I’ve written about socks before, in one of my favorite entries ever, “Good, Cheap Socks” (see August), but what I want to discuss today, for whatever reason, is the fact that I have a super power: losing things. This includes losing socks. I know I am not the only person who has this super power, but I am, quite possibly, the person with the best of it.
Jack and I discuss, how can we turn this superpower into a money maker? If we could figure it out, we would be rich, indeed. I lose socks like nobody’s business, but I recognize there is nothing unique about that. Everyone knows that dryers eat socks.
However, I can—and do—lose anything else, everything else, and in short time. A pair of glasses: gone. Even in the same room, and even if I have never left the room, I can lose my glasses, I kid you not. I can lose a scarf between the time I leave the house and get to the car. I can lose stuff while I am sitting in the car. I lose stuff all the time, but the worst of it is losing, not my socks, but my gloves, which, like losing my glasses, is a daily occurrence. Multiple times.

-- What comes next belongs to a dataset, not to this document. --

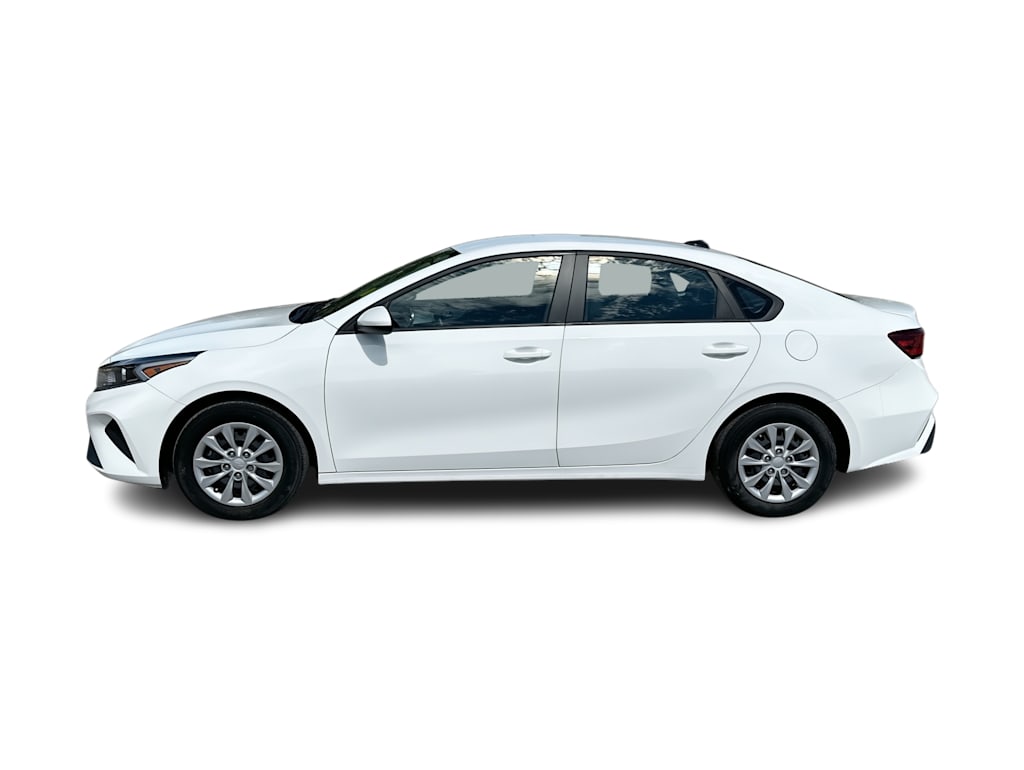 Thumbnail: 2024 Kia Forte - 3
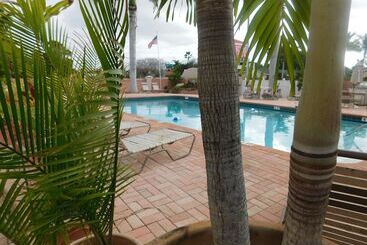 هتل Hibiscus Suites Sarasota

I have Reynaud’s, which is a weird condition that I call “Cold Hand Disease.” Reynaud’s is a circulatory thing whereby my hands get cold and turn pink, then purple, then white. My siblings call it “spirit fingers” because purple and white were our high school colors. (Go, Tigers!) Fingers turning white is the worst phase, because it means the circulation is really messed up. This happens quite frequently, and it’s one of the reasons I have to wear gloves all the time. Even in the summer, I have to wear gloves. You can imagine how odd I seem, and the looks that people give me as I walk around town, wearing gloves in 90-degree weather. I know it’s weird, but believe me, it probably looks better than it would if I walked around with white fingers. Or frostbite. Frostbite is, obviously, not a condition that people want to have, ever, but especially in 90-degree weather. Even though it’s entirely unlikely that I would get frostbite in summer, I can’t ever move to Minnesota, because I would definitely get it if I lived there. Brrr.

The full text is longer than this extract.